This is not true for your initial four year grant. I’m going to make up a number to make the math easy. Say my total compensation target was $200K. My initial 4 year offer was structured based on the then current stock price.

It would have been what ever it takes where base + prorated signing bonus + RSUs would equal $200K taking into account the 5/15/40/40 RSU schedule.


> The back-loaded vesting schedule is such blatantly cynical bullshit;

I don’t understand the complains about it. Amazon pays monthly cash ”sign-on bonus” in the first two years, which is ~ equal to the stock that you get in the years three and four (counting at the grant price). Is this fact not advertized well enough?


The "sign-on bonus" comes with serious strings attached. A good friend of mine got royally screwed when he mistook that bonus for real money, then got pushed to the point of burnout and had to leave; Amazon demanded a lot of the money back, but he didn't have it anymore.


I worked at Amazon in 2021 and rage-quit after 9 months. The sign-on bonus I received was paid out monthly, so I didn't have to pay anything back. If it's large enough, they pay it monthly because they know it's very likely you won't make it to the 2nd year.


Glad they've fixed that.

(Still, though - why work for people who know they're going to treat you so badly you'll probably have to quit?)


Well for me, I was already 46 when a recruiter from Amazon Retail reached out to me about an SDE (software development) position at Amazon Retail. They said it would require relocation after COVID (this was April 2020). I knew about Amazon’s reputation from both stories and my best friend who had worked as an L6 in the finance department.

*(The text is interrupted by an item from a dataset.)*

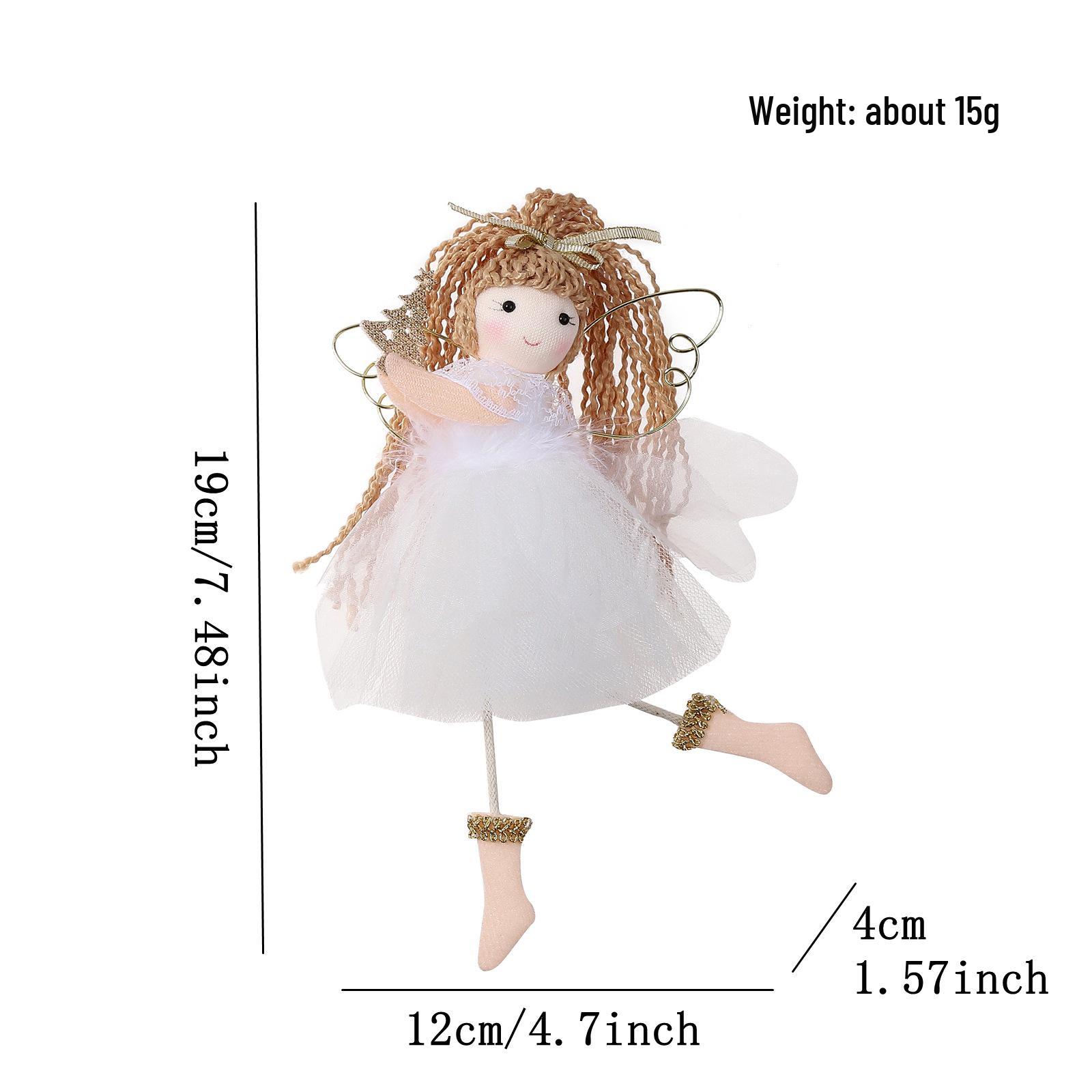 Creative Christmas Tree Petal Skirt Angel Ornament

There was no way in hell I was going to sell my house and uproot my life to work for Amazon. Then the recruiter after she kept talking suggests I interview for a “permanently remote” [1] “field by design” role at AWS ProServe. I thought sure why not?

The plan was always to make some money - I made over a quarter million more over 3.5 years than I could have made as an enterprise dev working in Atlanta - put AWS on my resume, gain some industry contacts and move on in four years.

I saw the writing on the wall shortly before my 3 year anniversary. I played the game well enough to get past my next vesting period and get my “bust your ass and try to work through your PIP or receive a $40K+ severance and ‘leave immediately’”.

I didn’t hesitate. I took the severance and already had two job offers lined up and had been waiting on the severance offer.

[1] They forced their “field by design” customer facing roles in the office at the end of last year. I would have left anyway before I ever went back into the office.


Amazon doesn't seem to work out for a lot of people. I've tended to have long term jobs and probably wouldn't have been tempted to give them a shot.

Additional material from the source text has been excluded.